DH and I both have this tendency, but we try to squash it. We have an acquaintance, Tony, however, who is absolutely fixated on details, especially details about 1970s and 1980s TV shows and sci-fi movies.

Tony and his girlfriend very kindly gave me a lift to an event we were all going to a couple of months ago. As we were driving along, I happened to mention a bit of trivia concerning the TV series 'The Prisoner', specifically concerning the introduction to each episode. (For those of you who don't know it, each episode began with a spoken exchange between some of the characters.) The trivia I mentioned was that a band I am fond of had sampled this spoken introduction at the beginning of one of their songs, and had had to ask one of the actors personally for permission to use it.

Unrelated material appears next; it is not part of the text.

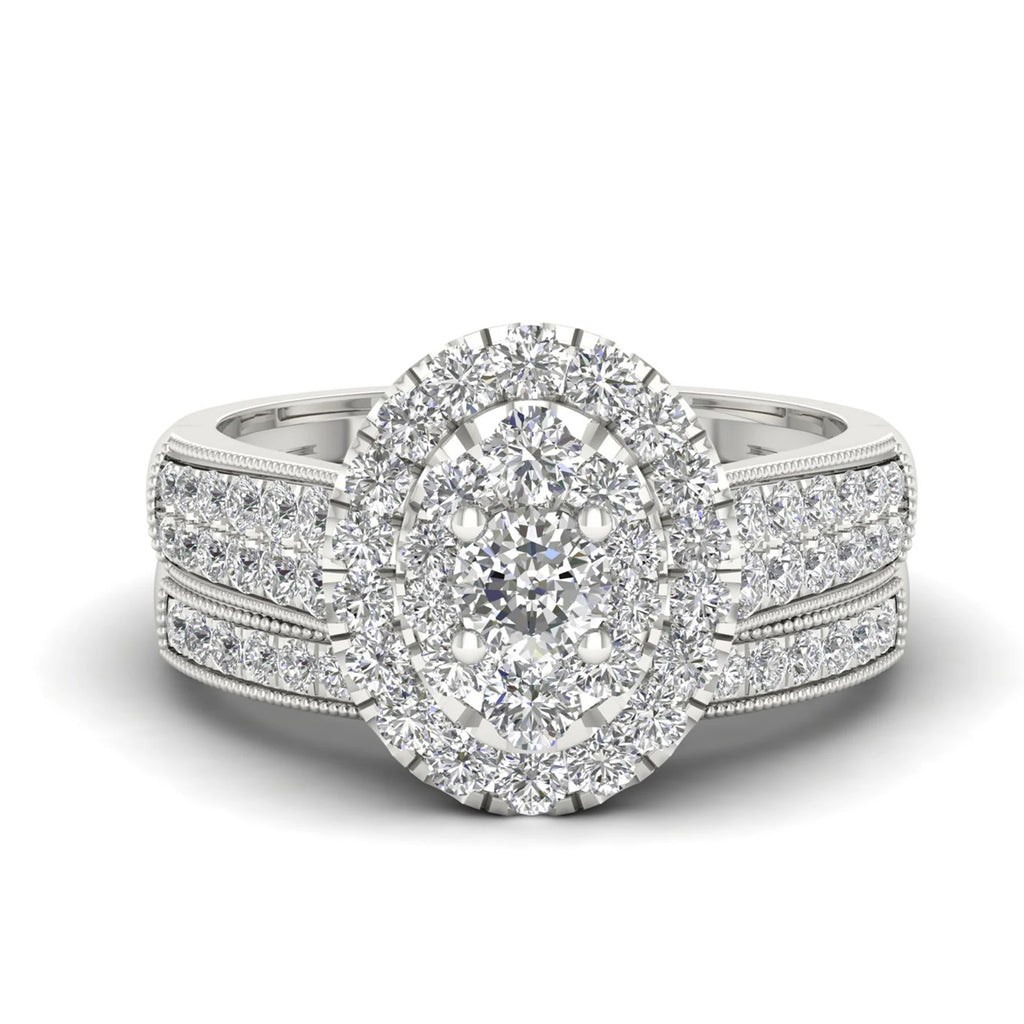 Moissanite Engagement Rings Set Bridal Jewelry 2PCS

'Ah,' says Tony, 'but which version of the introduction was it? Was it the original which featured Actor X?'
Tony's girlfriend chimed in 'It could have been the version used in episodes 28 to 37 where Actor X wasn't available and they used Actor Y instead.'
'Yes,' says Tony, 'or it could have been the version only used in the very last few episodes where they unexpectedly replaced Actor X with Actor Z instead.'
This went on for another five minutes.

All this over three lines of dialogue. And the lines weren't even spoken by the actor I had mentioned...

It strikes me that Tony and his girlfriend are both extremely lucky to have found an SO on their -- shall we say, highly-specialised -- wavelength; whose sustained company they can, therefore, stand !

Tony's girlfriend wasn't originally like this, but over the years has developed these tendencies.... (I nearly wrote 'he has rubbed off on her', then realised how dodgy that looked!)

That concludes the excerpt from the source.